Anyway, the Court finds that Civil Courts order was not collateral estoppel or law of the case. The Appellate Term was politely warned to avoid dicta that can cause chaos. But the important issue: what is the post-judgment rate of interest on no-fault cases? It is 2% per month:

“As a general matter, the language of general statutes are to yield to the language of specific ones (see McKinney’s Cons Laws of NY, Book 1, Statutes § 238; Matter of Ford v New York State Racing & Wagering Bd., 107 AD3d 1071, 1078, affd 24 NY3d 488; J.N. Futia Co. v Schenectady Municipal Hous. Auth., 33 AD2d 591). In any event, CPLR 5004 expressly provides that “[i]nterest shall be at the rate of nine per centum per annum, except where otherwise provided by statute” (emphasis added), allowing for the recognition of statutes that may control certain interest calculations in more narrowly-defined areas of law.

Insurance Law § 5106(a) provides, in relevant part, that “[p]ayments of first party benefits and additional first party benefits shall be made as the loss is incurred[,] [s]uch benefits are overdue if not paid within thirty days after the claimant supplies proof of the fact and amount of loss sustained[,] . . . [and] [a]ll overdue payments shall bear interest at the rate of two percent per month” (see Insurance Law § 5106[a]; New York & Presbyt. Hosp. v. Allstate Ins. Co., 30 AD3d 492, 494). Under former 11 NYCRR 65.15(h), which was in effect at the time of the underlying accident in 1999, “[a]ll overdue mandatory and [additional] personal injury protection benefits due an applicant or assignee shall bear interest at a rate of two percent per month, compounded and calculated on a pro rata basis using a 30-day month” (see Matter of Medical Socy. of State of N.Y. v Serio, 100 NY2d 854, 871; Cardinell v Allstate Ins. Co., 302 AD2d 772, 774; Smithtown Gen. Hosp. v State Farm Mut. Auto. Ins. Co., 207 AD2d 338, 339). The regulation was recodified as of April 5, 2002, as 11 NYCRR 65-3.9, so that more recent decisional authorities refer to the recodified number. The objective of the statute and regulation is to assure the prompt and full payment of economic claims, with the infliction of a monetary sanction or penalty on those insurers which do not comply (see Matter of McKenna v County of Nassau Off. of County Attorney, 61 NY2d 739, 742; East Acupuncture, P.C. v Allstate Ins. Co., 61 AD3d 202, 210; Cardinell v Allstate Ins. Co., 302 AD2d at 774). Insurance Law § 5106(a) and former 11 NYCRR 65.15(h), which were specific directives, supersede the interest provisions contained in CPLR 5004, the more general statute (see Smith v Nationwide Mut. Ins. Co., 211 AD2d 177, 181; Matter of McMillan [Unionamerica Reins. Co.], 70 AD2d 659, 659; Matter of Government Empls. Ins. Co. [Lombino], 57 AD2d 957, 959; Aetna Cas. & Sur. Co. v Whitestone Gen. Hosp., 142 Misc 2d 67, 70 [Sup Ct, New York County]).

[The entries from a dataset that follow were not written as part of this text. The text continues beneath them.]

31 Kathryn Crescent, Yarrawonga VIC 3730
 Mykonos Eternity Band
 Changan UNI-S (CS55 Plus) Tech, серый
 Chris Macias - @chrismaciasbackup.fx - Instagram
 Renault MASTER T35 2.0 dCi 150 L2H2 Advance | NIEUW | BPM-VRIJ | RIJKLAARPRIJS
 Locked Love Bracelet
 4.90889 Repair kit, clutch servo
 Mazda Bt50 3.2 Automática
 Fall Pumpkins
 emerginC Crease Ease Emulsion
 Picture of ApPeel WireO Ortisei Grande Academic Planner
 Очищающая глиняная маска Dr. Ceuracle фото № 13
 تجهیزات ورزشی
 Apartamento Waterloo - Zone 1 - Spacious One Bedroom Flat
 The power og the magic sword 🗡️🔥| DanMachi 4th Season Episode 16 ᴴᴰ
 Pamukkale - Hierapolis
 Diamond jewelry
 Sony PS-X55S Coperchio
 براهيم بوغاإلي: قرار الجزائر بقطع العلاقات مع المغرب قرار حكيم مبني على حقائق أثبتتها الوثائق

Insurance Law § 5106(a) and former 11 NYCRR 65.15(h) directly apply to the dispute and judgment in controversy in this action. Accordingly, the Appellate Term’s advisory opinion in the decision and order dated August 18, 2017, and the decision and order on motion dated December 14, 2017, that the postjudgment interest here was governed by CPLR 5004, was incorrect on the law. To the extent that opinions from the Appellate Term provide otherwise as to the proper rate of interest, they generally should no longer be followed in applicable instances.”

And as was said after Tommy Devito was killed after taking out made man Billy Batts “And that’s that”.